The GTEP model integrates unit commitment decisions to evaluate the hourly operation requirements. Given that the planning horizon of the GTEP problem can be as long as 10 to 30 years, solving the long-term planning problem with operating decisions in every hour of the planning horizon is intractable. Therefore, a simplification is needed to make the problem solvable, while representing the hourly fluctuations of the load and renewable profiles. We use representative days approach for time representation.

GTEP is typically performed on large scale power systems which consists of thousands of buses, such as ERCOT, SPP, PJM, MISO, etc. In most cases, it is intractable for GTEP to model each bus. To reduce the spatial complexity of the problem. The area of interest is divided into several regions that have similar climate (e.g., wind speed and solar incidence over time), and load profiles. As we describe in the generation representation subsection, all the generators using the same technology have the same parameters. On the other hand, for the renewable generators, the capacity factors are dependent on the location at which they are installed. We assume that the capacity factors of the renewable generators in the same region are the same.

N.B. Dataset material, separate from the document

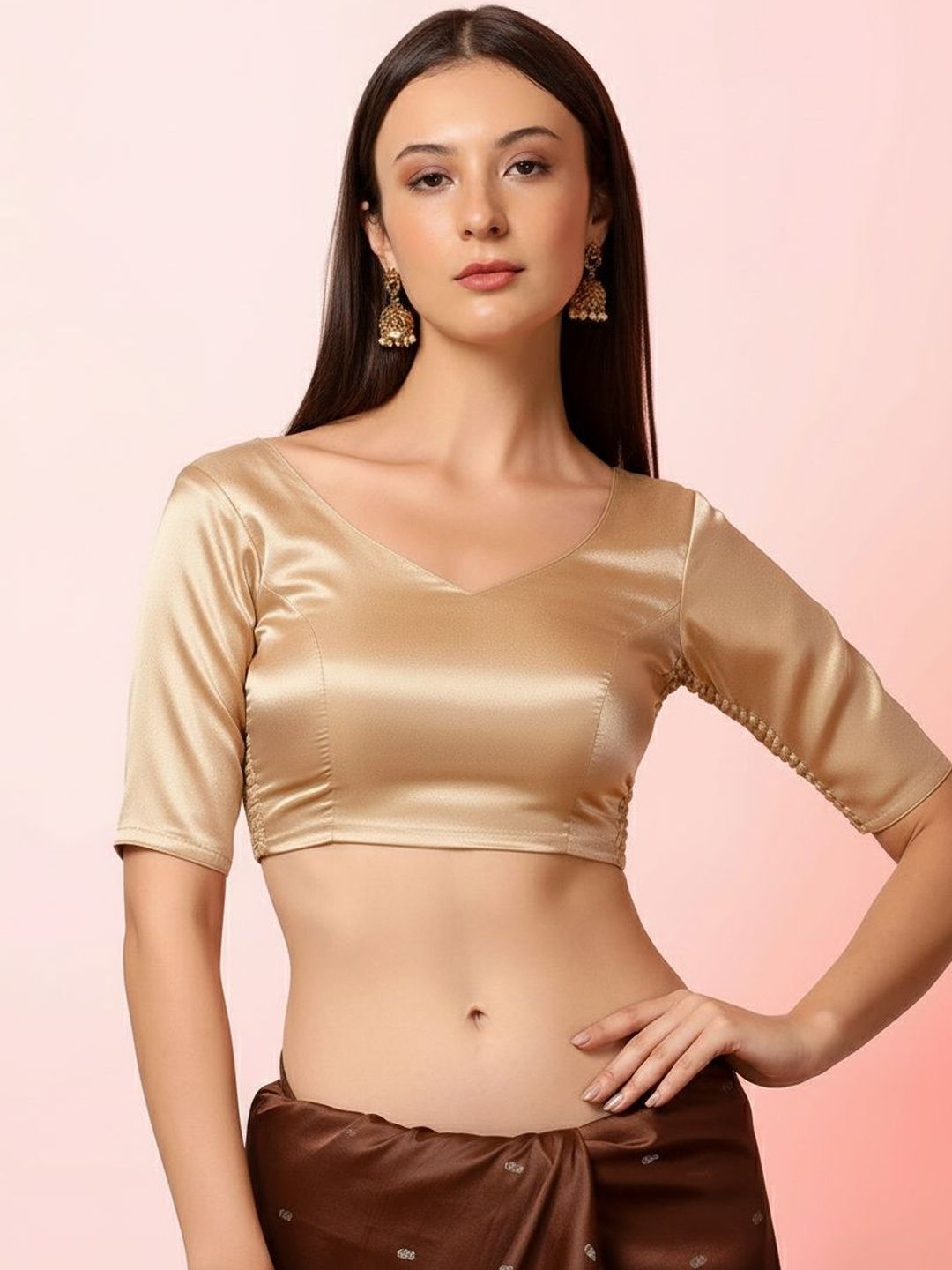 Niraha Side Smocking Stretchable Readymade Saree Blouse-image-1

We assume that all the generators and loads are located at the center of each region. Since each region is treated as one bus in the power flow model, we only consider the tielines between two neighboring regions. We assume that the two ends of each tieline are the centers of the two regions it connects. All the tielines are assumed to have the same voltage, susceptance, and capacity. An example of the proposed spatial representation approach is shown in the figure below. The ERCOT region is divided into five regions, Panhandle, Northeast, West, South, and Coast. The center of each region is specified as one of the cities in the region. The existing transmission lines are represented as solid lines while the candidate transmission lines are represented as dashed lines. Each region has generator clusters corresponding to different technologies. The aggregation of the generating units is a simplification of the problem that may yield suboptimal solution compared with modeling each generator individually. Such simplification is necessary to make the problem tractable. In order to obtain a feasible solution to the real physical system, i.e., the unit commitment decisions of each generator, one could perform a disaggregation heuristics on the aggregated solution. We will leave developing these heuristics as future work.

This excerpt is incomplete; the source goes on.